I made Thief fan missions knowing I'll never see a cent for them just because I enjoy the process of creating them and other people playing them.
How dare you undermine a communist's ability to participate in a capitalistic endeavor!
 
Vatnik
Joined
Sep 28, 2014
Messages
12,291
Location
USSR
Because you want the end result to exist?
I want many things in life, but I can't afford them.
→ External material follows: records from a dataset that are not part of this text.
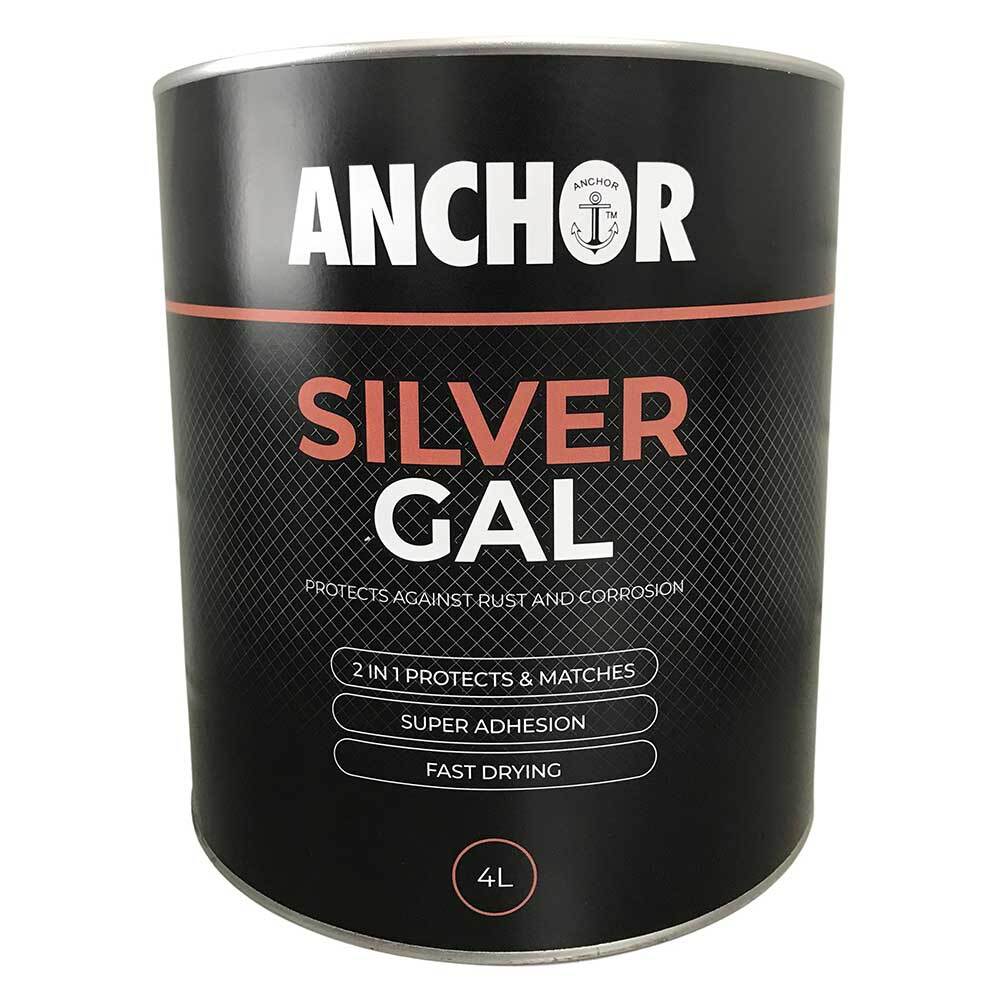 Anchor Industrial Paint Silver Gal 4L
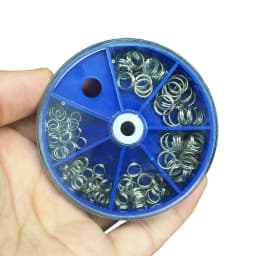 116PCS/Lot Stainless Steel Split Rings Set Fishing Accessories Fishing Split Ring Connector for Blank Lures Crank Bait
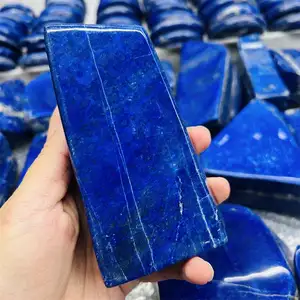 หินอัญมณีแผ่นคริสตัล lapis Lazuli หินอัญมณีสำหรับ fengshui ไม่มีรูปแบบขัดเงาตามธรรมชาติ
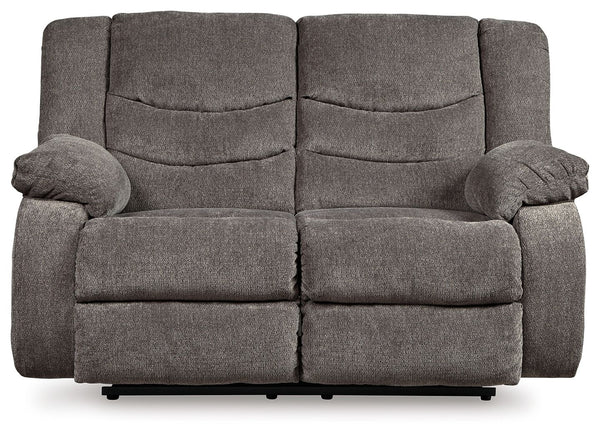 Tulen Reclining Loveseat Gray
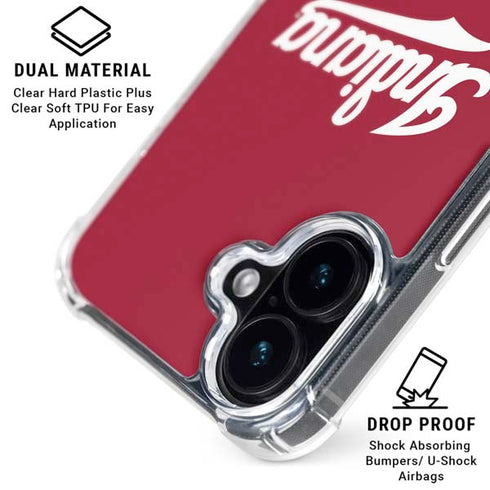Indiana University IU Hoosiers iPhone 16 Plus Clear Case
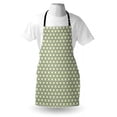thumbnail image 4 of Flower Apron, Blossoming Petals Pattern Ornamental Arrangement of Geometric Shapes, Unisex Kitchen Bib with Adjustable Neck for Cooking Gardening, Adult Size, Olive Green Yellow White, by Ambesonne, 4 of 4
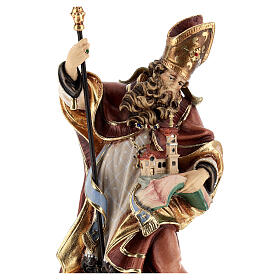 Święty Wolfgang z kościołem drewno kolorowe Val Gardena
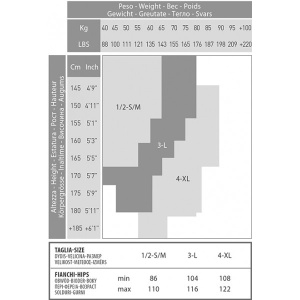 Ciorapi Dres DONNA BC, cu Compresie pe Talia si Gambe VITALITY 20 DEN - Img 2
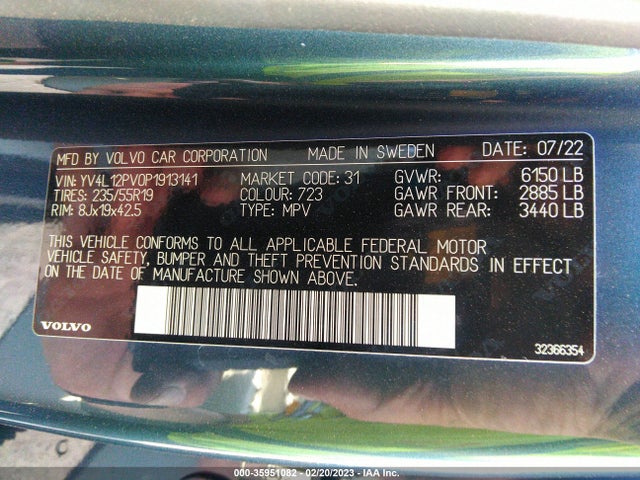 2023 Volvo XC90, VIN: YV4L12PV0P1913141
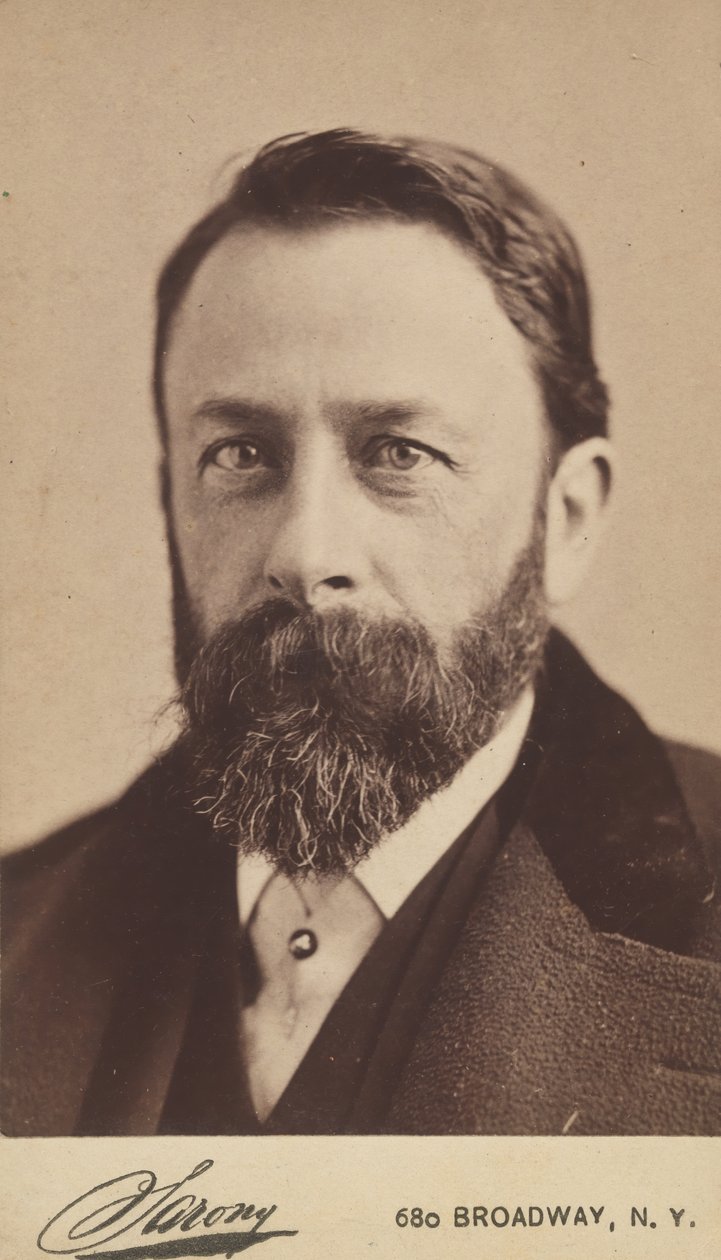 Albert Bierstadt von Napoleon Sarony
If I'm spending time on modding, I'm not spending time on work, because modding pays nothing. That's a loss of money. And it's not some separate hobby, it's the exact same line of work I do for a living.
 

ds

Cipher
Patron
Joined
Jul 17, 2013
Messages
2,697
Location
here
Are mods socially useful work
Yes. Well, not all of them but they can improve the enjoyment of games, which is useful.

i.e. needed by society?
Not at all. Computer games themselves aren't even needed by anyone, this is all luxury. Mods are well into nice to have territory.

I'd make mods if it paid. I'd fix Pillars by cutting out 75% of the text and replacing all the systems with 3.5e. I could fix her... And if by the time I'm done nobody can pay me "cause I don't deserve it", why would I do the work?
You could also make a new game instead which no one would prevent you from selling. But you haven't. Why?

I want many things in life, but I can't afford them.

If I'm spending time on modding, I'm not spending time on work, because modding pays nothing. That's a loss of money.
You still won't be able to afford everything you want if you demand three fiddy for you mod. Todd however will appreciate the free money from your work.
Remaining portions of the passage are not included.